Imagine an AWS Data Pipeline setup that contains only the following:

  • 2 EmrActivities, myEmrActivity1 and myEmrActivity2 that takes command-runner.jar, spark-submit and a few other arguments like Python version to use. The arguments are different for each activity.
  • 2 parameters, one for each EmrActivity

so, for example, MyEmrActivity1 runs a spark job that calculates the total number of absences for a given year, so an example parameter for the EmrActivity for that job might be:

myEmrActivity1: command-runner.jar,spark-submit,--master,yarn-cluster,--deploy-mode,cluster,PYTHON=python36,s3://amznhadoopactivity/school-attendance-python36/calculate_attendance_for_year.py,2017

where 2017 indicates the year supplied to the Python script.
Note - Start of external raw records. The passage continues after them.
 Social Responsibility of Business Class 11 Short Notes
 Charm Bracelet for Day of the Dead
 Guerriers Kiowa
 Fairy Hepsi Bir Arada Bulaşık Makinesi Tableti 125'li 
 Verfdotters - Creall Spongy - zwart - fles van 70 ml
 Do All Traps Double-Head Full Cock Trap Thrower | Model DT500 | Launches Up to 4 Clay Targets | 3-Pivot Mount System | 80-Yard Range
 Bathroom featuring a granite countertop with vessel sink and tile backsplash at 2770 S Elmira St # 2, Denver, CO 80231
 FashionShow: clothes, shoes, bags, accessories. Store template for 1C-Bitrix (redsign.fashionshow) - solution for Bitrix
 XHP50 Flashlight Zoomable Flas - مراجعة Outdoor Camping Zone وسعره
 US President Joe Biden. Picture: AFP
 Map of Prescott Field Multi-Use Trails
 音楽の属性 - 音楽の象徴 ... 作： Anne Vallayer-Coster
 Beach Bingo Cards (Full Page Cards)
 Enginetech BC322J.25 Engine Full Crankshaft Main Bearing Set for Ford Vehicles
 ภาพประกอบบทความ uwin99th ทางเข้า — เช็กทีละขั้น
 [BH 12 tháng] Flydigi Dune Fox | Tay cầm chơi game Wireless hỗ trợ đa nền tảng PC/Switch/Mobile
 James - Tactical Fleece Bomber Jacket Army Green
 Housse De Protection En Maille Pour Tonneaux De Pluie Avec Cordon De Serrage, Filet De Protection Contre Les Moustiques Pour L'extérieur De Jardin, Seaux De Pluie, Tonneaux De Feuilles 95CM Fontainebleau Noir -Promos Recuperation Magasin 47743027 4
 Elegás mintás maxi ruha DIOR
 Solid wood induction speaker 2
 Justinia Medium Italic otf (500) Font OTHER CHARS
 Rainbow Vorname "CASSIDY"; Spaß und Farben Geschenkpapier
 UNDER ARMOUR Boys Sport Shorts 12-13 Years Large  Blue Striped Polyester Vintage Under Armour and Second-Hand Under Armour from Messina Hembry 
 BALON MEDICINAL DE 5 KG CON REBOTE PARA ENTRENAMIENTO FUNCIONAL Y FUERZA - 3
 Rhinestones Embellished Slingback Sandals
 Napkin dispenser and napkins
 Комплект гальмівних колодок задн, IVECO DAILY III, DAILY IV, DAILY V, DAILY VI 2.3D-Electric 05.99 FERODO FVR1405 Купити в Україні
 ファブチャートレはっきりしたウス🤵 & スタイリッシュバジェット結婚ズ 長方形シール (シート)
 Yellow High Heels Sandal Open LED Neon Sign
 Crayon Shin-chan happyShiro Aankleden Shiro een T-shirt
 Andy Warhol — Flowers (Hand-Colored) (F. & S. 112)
However, the structure of HadoopActivity is a bit different than it is for EmrActivity. HadoopActivity takes a Jar URI that I've filled out with s3://dynamodb-emr-<region>/emr-ddb-storage-handler/2.1.0/emr-ddb-2.1.0.jar, with my region inserted - let's call that myHadoopActivity1. However, I don't understand how exactly to link a step to an activity like I did with the Parameters - how would I recreate the behavior I set up with the EmrActivity in Data Pipeline with a HadoopActivity object instead? Should I be using a different .jar file?


Solution

  • It turns out this was pretty easy to accomplish, albeit not obvious. First things first - I should have been using a different .jar URI: /var/lib/aws/emr/step-runner/hadoop-jars/command-runner.jar. After changing that, the next steps were pretty straightforward. If you were running:

    command-runner.jar,spark-submit,--master,yarn-cluster
    

    as an EMR activity, just add a HadoopActivity, put in the .jar mentioned above, then add additional arguments to replicate the behavior of the "steps" of an EmrActivity:

    Argument: command-runner.jar
    Argument: spark-submit
    Argument: --master
    Argument: yarn-cluster
    

    so on and so forth. So, not that difficult, but it's not also not obvious. Hope this helps someone in the future.